If I held F7 down continuously it "broke the startup-sequence" and said something about inserting the disk with the batch file. :-/

Have I misunderstood?

Thanks for your help.
Title: Re: PC Emulation
Post by: Wayne on August 20, 2006, 12:33:13 AM
Angus,

I will explain agin
insert your original dos 6.22 disk on your pc
wait before ends to boot..don't push any key

When the installation requester popus and asks what to do..check down on the screen..you will see that if you press F7 you can install dos on a single disk...so press F7 and check for instructions

or also you can make this:
insert your original dos6.22 disk and when finished booting
press F3 to exit the insstallatiion process
then type:

format a: /s

now insert your 720k floppy and press enter
when finished you will have a booteable 720 floopy to use on pctask

bye
Title: Re: PC Emulation
Post by: Angus on August 20, 2006, 09:31:39 AM
I don't know what's going wrong then.  :(

If I let the MSDOS6.2 disk boot up (after restarting the pc) I just end up with a DOS prompt.
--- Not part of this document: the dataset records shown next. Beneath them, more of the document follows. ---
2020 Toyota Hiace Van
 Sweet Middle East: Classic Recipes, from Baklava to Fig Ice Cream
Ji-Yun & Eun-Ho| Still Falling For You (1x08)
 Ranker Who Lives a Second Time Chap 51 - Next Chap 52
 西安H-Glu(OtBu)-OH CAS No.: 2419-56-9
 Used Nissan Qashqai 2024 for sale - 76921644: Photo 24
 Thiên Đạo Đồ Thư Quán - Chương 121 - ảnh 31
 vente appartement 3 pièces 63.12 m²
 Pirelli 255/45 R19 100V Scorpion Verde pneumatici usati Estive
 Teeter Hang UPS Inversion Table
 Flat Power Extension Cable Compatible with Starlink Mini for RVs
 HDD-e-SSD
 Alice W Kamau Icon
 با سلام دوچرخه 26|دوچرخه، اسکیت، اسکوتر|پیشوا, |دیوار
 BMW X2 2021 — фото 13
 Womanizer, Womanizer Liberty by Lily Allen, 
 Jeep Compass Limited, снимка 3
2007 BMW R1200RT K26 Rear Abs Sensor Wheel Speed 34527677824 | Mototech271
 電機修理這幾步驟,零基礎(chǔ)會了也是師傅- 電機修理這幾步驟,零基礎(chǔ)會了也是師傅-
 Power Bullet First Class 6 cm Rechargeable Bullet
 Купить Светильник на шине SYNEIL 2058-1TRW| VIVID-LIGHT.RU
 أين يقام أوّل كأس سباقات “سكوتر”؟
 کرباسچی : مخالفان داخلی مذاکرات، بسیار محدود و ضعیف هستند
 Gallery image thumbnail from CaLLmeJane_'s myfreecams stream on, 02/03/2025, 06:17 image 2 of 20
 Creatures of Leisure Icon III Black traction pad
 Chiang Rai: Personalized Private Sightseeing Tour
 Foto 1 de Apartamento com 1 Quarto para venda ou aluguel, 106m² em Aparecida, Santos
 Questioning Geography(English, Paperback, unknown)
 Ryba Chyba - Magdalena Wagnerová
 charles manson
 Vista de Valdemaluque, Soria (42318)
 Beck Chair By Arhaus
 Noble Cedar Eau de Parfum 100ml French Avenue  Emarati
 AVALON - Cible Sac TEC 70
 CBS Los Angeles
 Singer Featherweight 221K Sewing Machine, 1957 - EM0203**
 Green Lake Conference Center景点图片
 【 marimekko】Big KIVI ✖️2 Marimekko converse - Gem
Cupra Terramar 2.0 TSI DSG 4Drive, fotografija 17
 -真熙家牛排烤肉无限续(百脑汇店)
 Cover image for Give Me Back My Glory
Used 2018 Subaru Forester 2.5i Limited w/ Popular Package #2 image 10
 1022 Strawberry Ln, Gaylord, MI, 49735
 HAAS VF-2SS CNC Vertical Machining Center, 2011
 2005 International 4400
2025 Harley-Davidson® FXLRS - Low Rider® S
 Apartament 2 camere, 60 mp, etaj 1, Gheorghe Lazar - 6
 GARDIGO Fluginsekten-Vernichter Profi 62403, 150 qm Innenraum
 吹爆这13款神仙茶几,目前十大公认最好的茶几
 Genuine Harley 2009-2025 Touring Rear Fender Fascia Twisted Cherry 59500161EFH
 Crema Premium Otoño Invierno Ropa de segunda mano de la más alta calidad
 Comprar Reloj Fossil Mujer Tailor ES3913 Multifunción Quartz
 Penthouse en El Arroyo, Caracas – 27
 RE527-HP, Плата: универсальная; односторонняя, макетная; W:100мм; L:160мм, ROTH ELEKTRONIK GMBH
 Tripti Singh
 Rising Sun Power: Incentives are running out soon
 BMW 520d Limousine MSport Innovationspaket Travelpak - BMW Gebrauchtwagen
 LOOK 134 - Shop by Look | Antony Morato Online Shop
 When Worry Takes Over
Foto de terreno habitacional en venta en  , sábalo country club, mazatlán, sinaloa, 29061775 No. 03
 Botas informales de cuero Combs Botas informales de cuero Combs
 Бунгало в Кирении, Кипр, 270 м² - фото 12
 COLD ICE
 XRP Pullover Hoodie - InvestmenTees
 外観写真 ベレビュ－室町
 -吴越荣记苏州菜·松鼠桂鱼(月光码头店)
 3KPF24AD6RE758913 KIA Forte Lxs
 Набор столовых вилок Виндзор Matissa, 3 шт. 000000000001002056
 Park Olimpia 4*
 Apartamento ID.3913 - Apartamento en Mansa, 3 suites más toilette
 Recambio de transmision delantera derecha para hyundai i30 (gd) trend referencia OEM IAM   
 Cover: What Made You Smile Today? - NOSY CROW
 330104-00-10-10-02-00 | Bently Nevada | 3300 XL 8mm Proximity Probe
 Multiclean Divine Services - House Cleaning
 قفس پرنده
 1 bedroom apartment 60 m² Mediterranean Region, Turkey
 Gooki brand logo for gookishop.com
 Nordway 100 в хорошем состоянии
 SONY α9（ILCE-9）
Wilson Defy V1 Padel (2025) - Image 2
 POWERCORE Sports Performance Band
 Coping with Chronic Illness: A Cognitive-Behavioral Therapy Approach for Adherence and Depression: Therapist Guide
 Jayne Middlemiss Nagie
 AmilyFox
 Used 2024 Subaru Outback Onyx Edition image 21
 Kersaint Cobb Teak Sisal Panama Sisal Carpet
There are no requesters, and the F keys don't do anything. There is some text about 2 devices being called Banana unit 1 and Banana Unit 2 which I have seen before on other boot disks.

I tried typing

"Format A:/S"

But the DOS message was

"Formatting 1.44M floppy"

then it failed on my 720K disk.

I am wondering if the pc supports the 720K format.

I got the MSDOS 6.2 disk image from here:

http://www.bootdisk.com/
Title: Re: PC Emulation
Post by: Wayne on August 20, 2006, 11:58:44 AM
Angus,

DOS 6.22 support 720 disks
maybe the disk that you have it's not an original 6.22 installation disk
Get an original disk using emule ..there are lot of ppl that share DOS disks
but first try again using now this command:

format a: /F:720 /s

this should work

bye
Title: Re: PC Emulation
Post by: Angus on August 20, 2006, 03:46:26 PM
but first try again using now this command:

format a: /F:720 /s

this should work

------------------------------------------------------


And you are absolutely correct - it worked a treat. :)

Thank you very much. I will try and make a safe note of this useful info.

P.S.
Did you get my message?  :)
Title: Re: PC Emulation
Post by: Floid on August 20, 2006, 06:53:37 PM
I suppose it's a bit late now, but FreeDOS (http://www.freedos.org/) would also have been worth a look.  (Not that the way it's distributed is 720k-tiny, but...)

MSDOS.SYS and IO.SYS -- or IBMDOS.SYS and IBMBIO.SYS on PC-DOS -- compose the DOS 'operating system,' together with the COMMAND.COM shell and miscellaneous non-resident/non-embedded drivers and utilities (HIMEM.SYS, XCOPY.EXE, FDISK.COM, etc).

The SYS.COM utility, or FORMAT with the /S option (IIRC, at least pre-Win9x versions of FORMAT do depend on SYS.COM being present for the /S switch to work):

1. Writes the boot block, and

2. Copies the two system 'drivers' (*DOS.SYS, *IO.SYS) to the [top of the?] root directory entry and sets the +S attribute on them.

Note that I have no clue if the S ('System') attribute differs from the H ('Hidden') attribute in any other meaningful way, but the files do need to be set +S for the boot block to load them.

This disassembly of a DOS boot sector (http://ata-atapi.com/hiwdos.htm) might be handy for understanding the process.  I was not aware that the two system files had to be the first entries in the listing, but it makes sense in retrospect -- a disk that was SYS'd once will likely always have those blocks held reserved by the two special .SYS files, so a second  while a disk that was filled without ever being SYS'd will often give you a "No room for operating system." error if you try later.

Perhaps they invented the +S attribute in anticipation of making the boot block smarter later?